Demokrasi langsung berarti rakyat memerintah dirinya secara langsung,
tanpa perantara. Salah satu pendukung demokrasi langsung adalah Jean
Jacques Rousseau, di mana Rousseau ini mengemukakan 4 kondisi yang
memungkinkan bagi dilaksanakannya demokrasi langsung yaitu :
- Jumlah warganegara harus kecil.
- Pemilikan dan kemakmuran harus dibagi secara merata (hampir merata).
- Masyarakat harus homogen (sama) secara budaya.
- Terpenuhi di dalam masyarakat kecil yang bermata pencaharian pertanian.
Di dalam demokrasi langsung, memang kedaulatan rakyat lebih
terpelihara oleh sebab kekuasaannya tidak diwakilkan. Semua warganegara
ikut terlibat di dalam proses pengambilan keputusan, tanpa ada yang
tidak ikut serta. Namun, di zaman pelaksanaan demokrasi langsung
sendiri, yaitu di masa negara-kota Yunani Kuno, ada beberapa kelompok
masyarakat yang tidak diizinkan untuk ikut serta di dalam proses
demokrasi langsung yaitu: budak, perempuan, dan orang asing.

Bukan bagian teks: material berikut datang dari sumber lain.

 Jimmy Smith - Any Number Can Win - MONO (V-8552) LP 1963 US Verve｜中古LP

Dengan alasan kelemahan demokrasi langsung, terutama oleh
ketidakrealistisannya untuk diberlakukan dalam keadaan negara modern,
maka demokrasi yang saat ini dikembangkan adalah demokrasi perwakilan.
Di dalam demokrasi perwakilan, tetap rakyat yang memerintah. Namun, itu
bukan berarti seluruh rakyat berbondong-bondong datang ke parlemen atau
istana negara untuk memerintah atau membuat UU. Tentu tidak demikian.

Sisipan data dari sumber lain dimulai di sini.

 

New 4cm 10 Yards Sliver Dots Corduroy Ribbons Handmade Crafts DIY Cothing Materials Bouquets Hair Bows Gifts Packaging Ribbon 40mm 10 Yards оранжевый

Rakyat terlibat secara ‘total’ di dalam mekanisme pemilihan pejabat
(utamanya anggota parlemen) lewat Pemilihan Umum periodik (misal: 4 atau
5 tahun sekali). Dengan memilih si anggota parlemen, rakyat tetap
berkuasa untuk membuat UU, akan tetapi keterlibatan tersebut melalui si
wakil. Wakil ini adalah orang yang mendapat delegasi wewenang dari
rakyat. Di Indonesia, 1 orang wakil rakyat (anggota parlemen) kira-kira
mewakili 300.000 orang pemilih.
Dengan demokrasi perwakilan, rakyat tidak terlibat secara penuh di
dalam membuat UU negara. Misalnya saja, dari hampir 200 juta jiwa
warganegara Indonesia, proses pemerintahan demokrasi di tingkat parlemen
hanya dilakukan oleh 500 orang wakil rakyat yang duduk menjadi anggota
DPR. Bandingkan kalau saja Indonesia menerapkan demokrasi langsung di
mana 200 juta rakyat Indonesia duduk di parlemen. Kacau dan pasti
memakan biaya mahal, bukan? Dengan kenyataan ini maka demokrasi
perwakilan lebih praktis ketimbang demokrasi langsung.

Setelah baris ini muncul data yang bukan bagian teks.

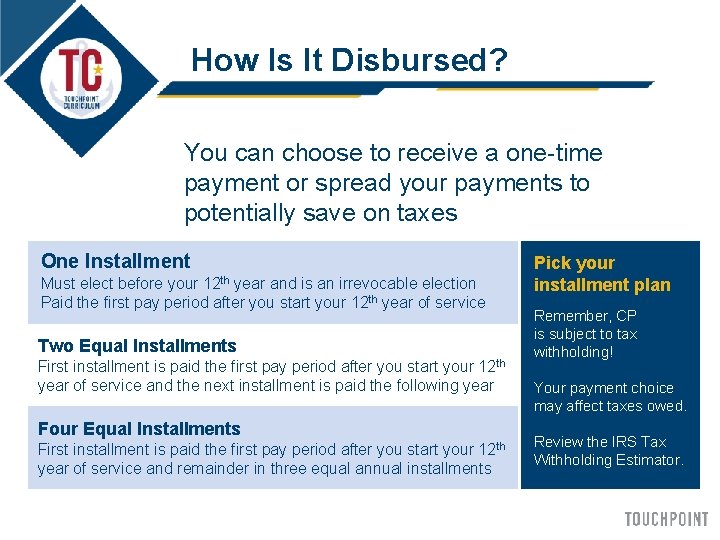 How Is It Disbursed? You can choose to receive a one-time payment or spread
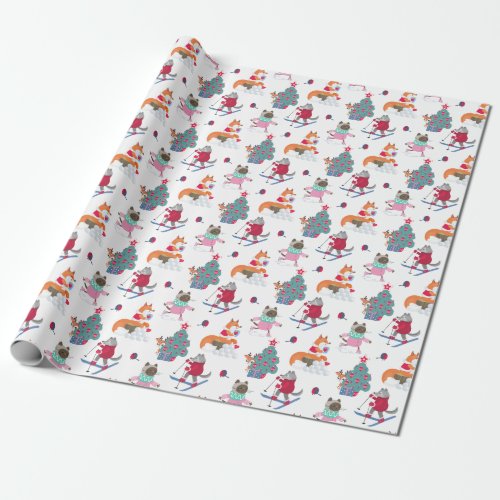 Woodland Animals Fox Wolf Deer in Christmas Antics Wrapping Paper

Dalam demokrasi, baik langsung ataupun tidak langsung, keterlibatan
rakyat menjadi tujuan utama penyelenggaraan negara. Masing-masing
individu rakyat pasti ingin kepentinganyalah yang terlebih dahulu
dipenuhi. Oleh sebab keinginan tersebut ingin didahulukan, dan pihak
lain pun sama, dan jika hal ini berujung pada situasi chaos (kacau)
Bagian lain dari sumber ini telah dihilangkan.